There is also a need to reduce part counts on the boards in order to reduce manufacturing assembly time and to reduce the number of interconnects, which can improve yields. Components referred to as “integrated passive components” or “integrated passives” can be used to address that need. One method for producing these components is referred to as the “Low Temperature Co-fired Ceramic” approach, or the so-called LTCC method. The LTCC method is an outgrowth of traditional thick film ceramics, where materials are fired at around 850° C. for about 10 minutes. None of the actual core materials are capable of sintering at these temperatures, but in the process they are mixed with a glass frit, which allows them to densify into a composite matrix having the desired properties of conductors, resistors or insulators. The goal of the LTCC approach is to take the materials traditionally used for making ceramic circuit boards, and instead use them to make complex sub-assemblies.
There is thus a need for a power resistor device of small dimension and high power rating that utilizes the benefits of the LTCC approach.
The present invention provides a power resistor device having a high power rating. To this end, the device comprises a fired ceramic chip, such as an alumina body, having internal continuous conductor electrodes or conductor plates. A resistor is formed on one or both ends of the chip, and the ends are terminated over the resistors. Because the resistor is covered with metal, which is then soldered to traces on the circuit board, better heat dissipation is achieved as compared to conventional resistors.
The present invention further provides a method for making power resistor devices in which a resistor material is applied to a first end of a fired, ceramic multi-electrode chip, such as by dipping the end in a resistor paste and firing the chip to form a resistor on the end of the chip. End terminations are then applied to both ends of the chip, such as by applying a conductor paste to the ends and firing the chip. By this method, a power resistor device is formed in which buried continuous conductor electrodes are electrically connected to the end terminations, where the connection at the first end is through the resistor material to form a resistor device structured to efficiently dissipate heat generated by the resistor. In an alternative method of the present invention, a resistor material is applied to both ends of the chip, such as by dipping both ends in the resistor paste, to form resistors on both ends of the chip. The end terminations are then formed over the resistors, such as by applying conductor paste over the resistors and firing the chip. By this alternative method, a power resistor device is formed in which the buried conductor electrodes are electrically connected to the end terminations, where the connection at both ends is through the resistor material to form a resistor device structured to efficiently dissipate heat. In yet another alternative method of the present invention, a conductor under-layer is formed under the resistor, such as by first dipping the end of the chip in a conductor paste and firing the chip. By this alternative method, a power resistor device is formed in which the buried conductor electrodes are electrically connected to the end terminations through the conductor under-layers and resistors.
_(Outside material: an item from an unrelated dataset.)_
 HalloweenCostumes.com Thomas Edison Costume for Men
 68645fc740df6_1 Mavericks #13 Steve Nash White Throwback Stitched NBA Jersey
The accompanying drawings, which are incorporated in and constitute a part of this specification, illustrate embodiments of the invention and, together with a general description of the invention given above, and the detailed description given below, serve to explain the invention.
FIGS. 1A and 1B are perspective and cross-sectional views, respectively, of a resistor device of the prior art;
FIG. 2 is a cross-sectional view of a capacitor device of the prior art;
FIGS. 3A-3B are cross-sectional views of exemplary embodiments of a power resistor device of the present invention;
FIG. 3C is a cross-sectional view of the device of FIG. 3B mounted on a circuit board;
FIG. 3D is a perspective view of the devices of FIGS. 3A-3B;
FIG. 3E is an embodiment of a multi-device array of the present invention;
FIG. 4 is a flow chart for a method of the present invention;
FIGS. 5A-5B are cross-sectional views of alternative embodiments of power resistor devices of the present invention; and
FIG. 6 is a flow chart of an alternative method of the present invention.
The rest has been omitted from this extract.